Food Wars!: Season 1's DTS-HD Master Audio 2.0 lossless soundtrack is very good. It plays as big as its two-channel configuration allows, pushing music to the stage's boundaries and offering a surprising amount of heft (without the benefit of a subwoofer channel) to various musical and effects elements. The opening and closing segments are of course key highlights, but there are no shortages of music or sound elements to be enjoyed throughout each episode, particularly, again, in those sexualized responses to food. Screaming dialogue can be a bit piercing, but general dialogue, most of which is delivered in a more normalized cadence, is very good. There is some nice reverberation at an assembly at the beginning of episode three, which seems larger than the two channels available. This is a fun and active track that pushes the limits of its limited speaker engagement.

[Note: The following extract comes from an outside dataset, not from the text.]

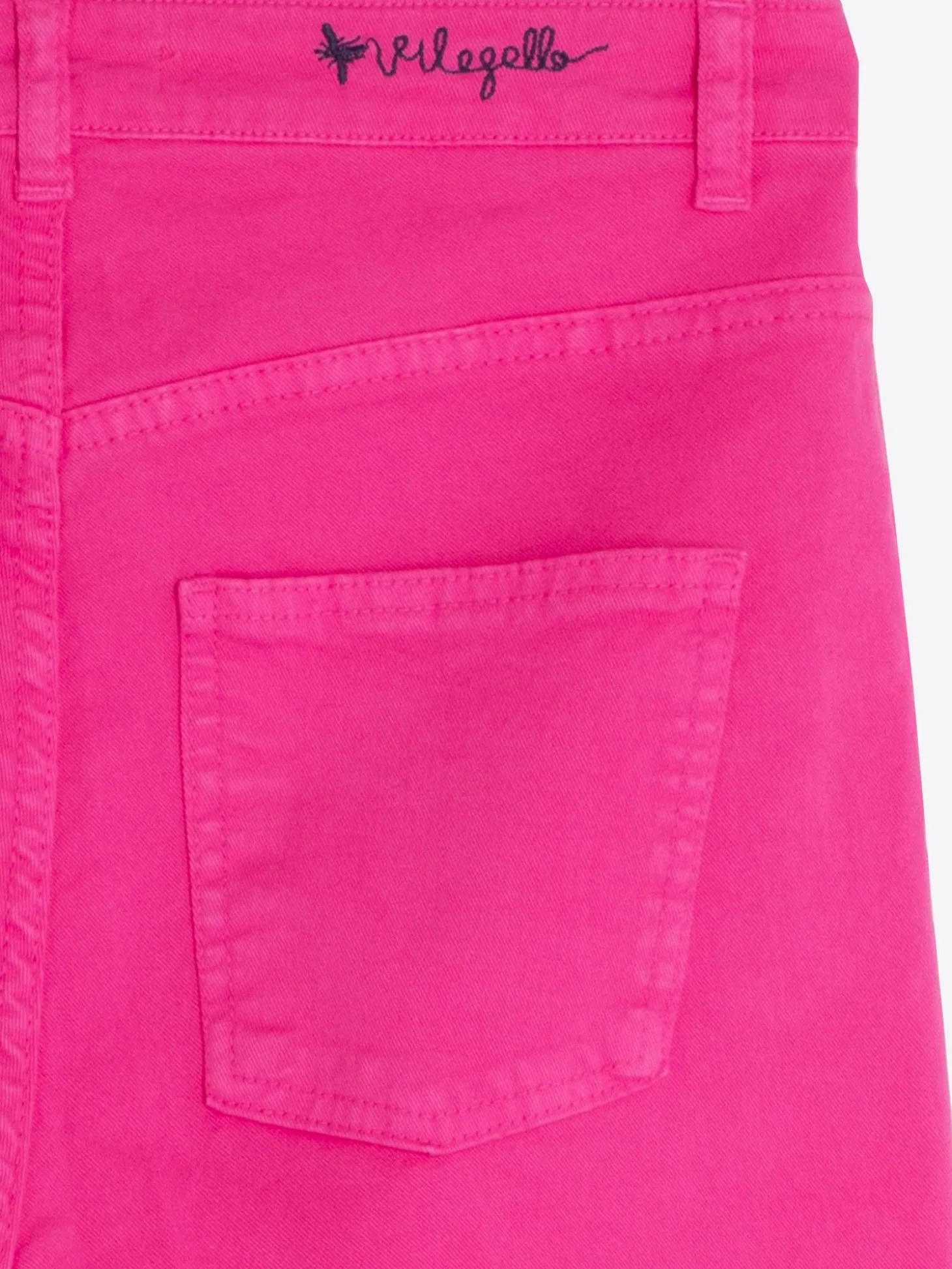 Vilagallo Pantalon Vaquero Laura Rosa Outlet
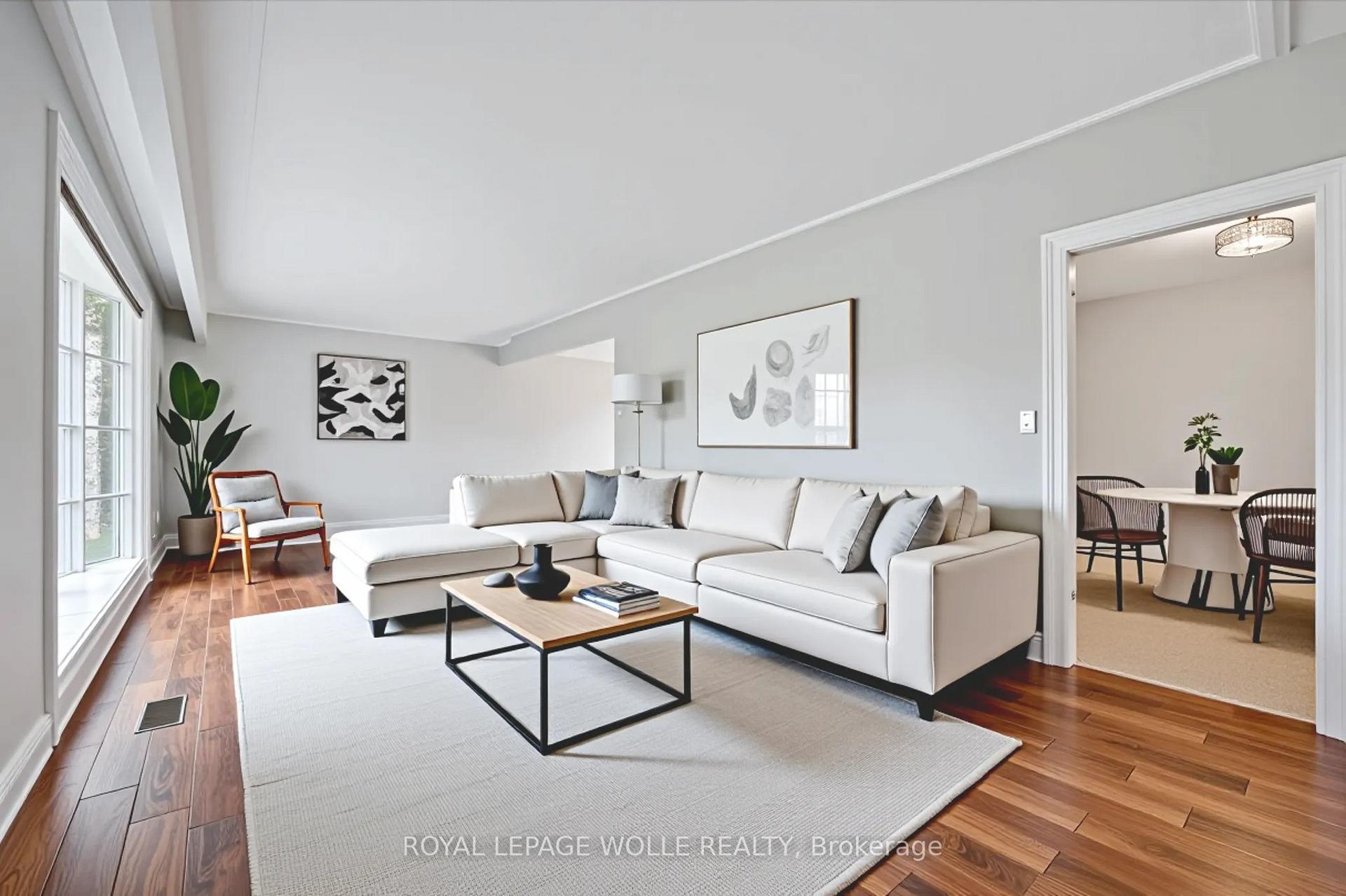 Photo 7 of 29 Strathcona Crescent, Kitchener — HOMEH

Food Wars! Shokugeki no Sōma: Season 1 Blu-ray Movie, Special Features and Extras  1.5 of 5

Food Wars!: Season 1 contains the usual Sentai supplements on disc three.


Food Wars! Shokugeki no Sōma: Season 1 Blu-ray Movie, Overall Score and Recommendation  3.5 of 5

Food Wars! was popular enough to spawn a second season (with a third released, but not on Blu-ray). It's not exactly a first-rate Anime, but it's a fun little escape, a bit repetitive at times, but cooks up a unique flavor that takes audiences into a different kind of world, a world where food is king, preparation is key, and the competition is hotter than a flaming grill. There are some interesting characters and an insightful, albeit fairly playful, depiction of culinary school to be found. Food Wars!: Season 1 delivers positive video and audio experiences. Supplements are limited to the usual Sentai extras. Recommended.